What to produce >> Look through the listing below for the line with "2017 FORD F150 SUPER - 1FTEW1CF8HFA75368" and the line with "New 2026 Chevrolet". Copy both, along with every line between them, exactly and with no pictures.

Provided data >>
───
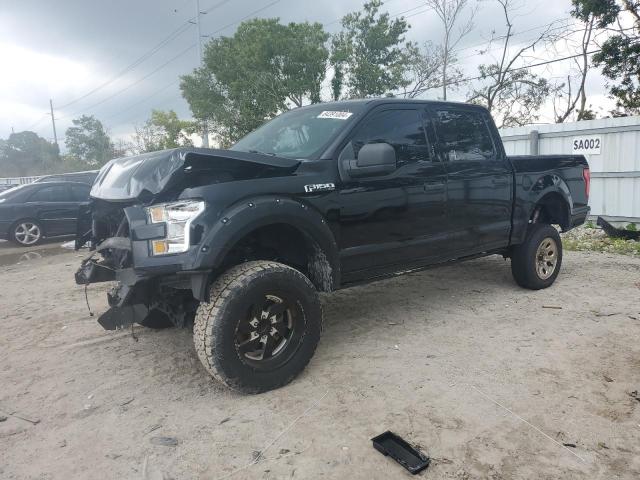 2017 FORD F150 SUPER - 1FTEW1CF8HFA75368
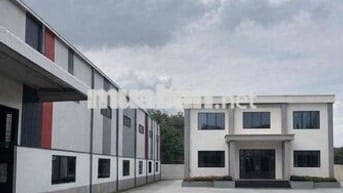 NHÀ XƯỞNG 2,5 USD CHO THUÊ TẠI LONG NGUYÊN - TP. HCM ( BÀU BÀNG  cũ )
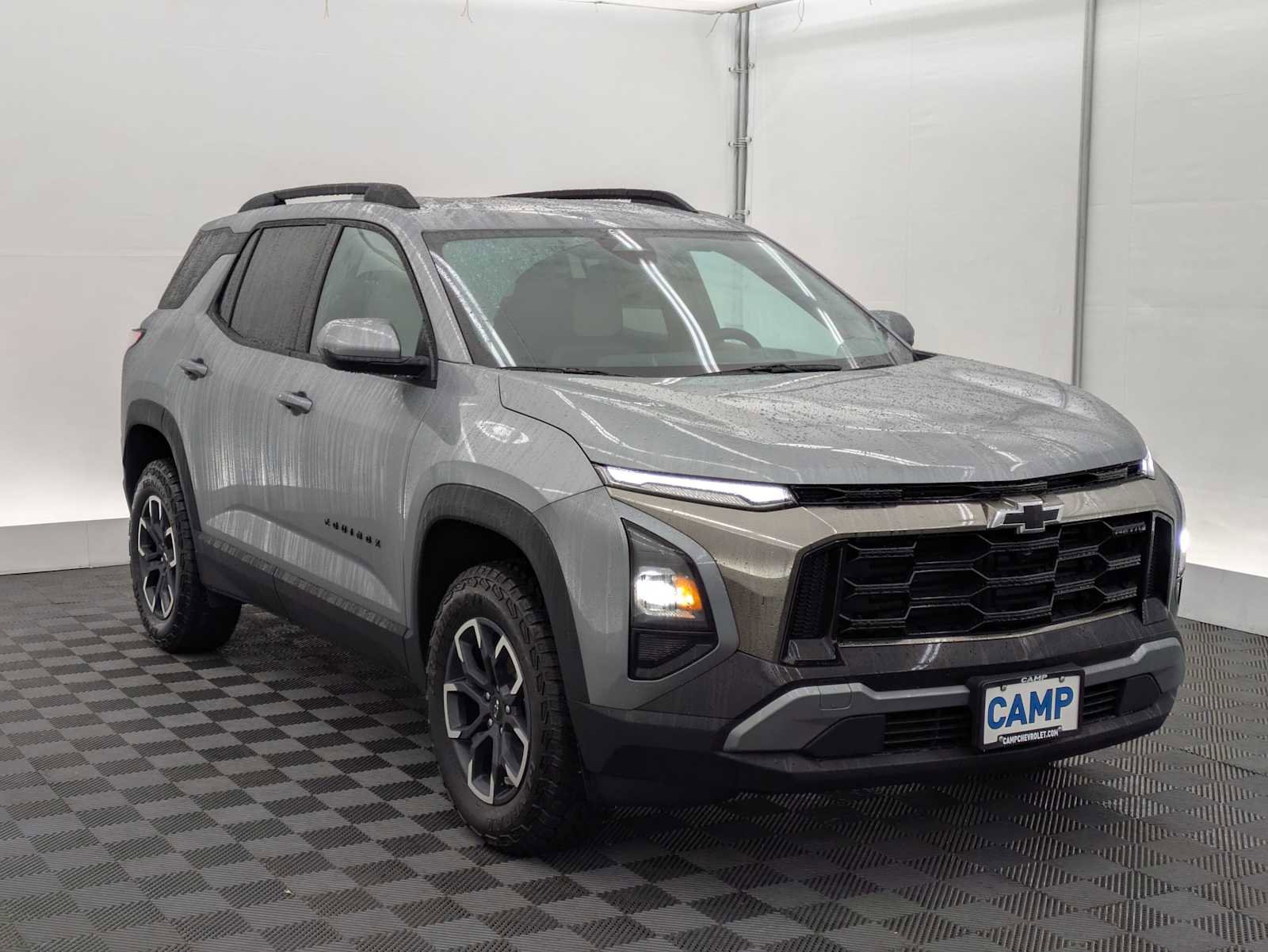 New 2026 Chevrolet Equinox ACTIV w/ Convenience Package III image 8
───
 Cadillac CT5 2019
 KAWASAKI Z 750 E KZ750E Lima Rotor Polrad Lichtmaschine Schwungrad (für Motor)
───
Answer to this exercise >>
 2017 FORD F150 SUPER - 1FTEW1CF8HFA75368
 NHÀ XƯỞNG 2,5 USD CHO THUÊ TẠI LONG NGUYÊN - TP. HCM ( BÀU BÀNG  cũ )
 New 2026 Chevrolet Equinox ACTIV w/ Convenience Package III image 8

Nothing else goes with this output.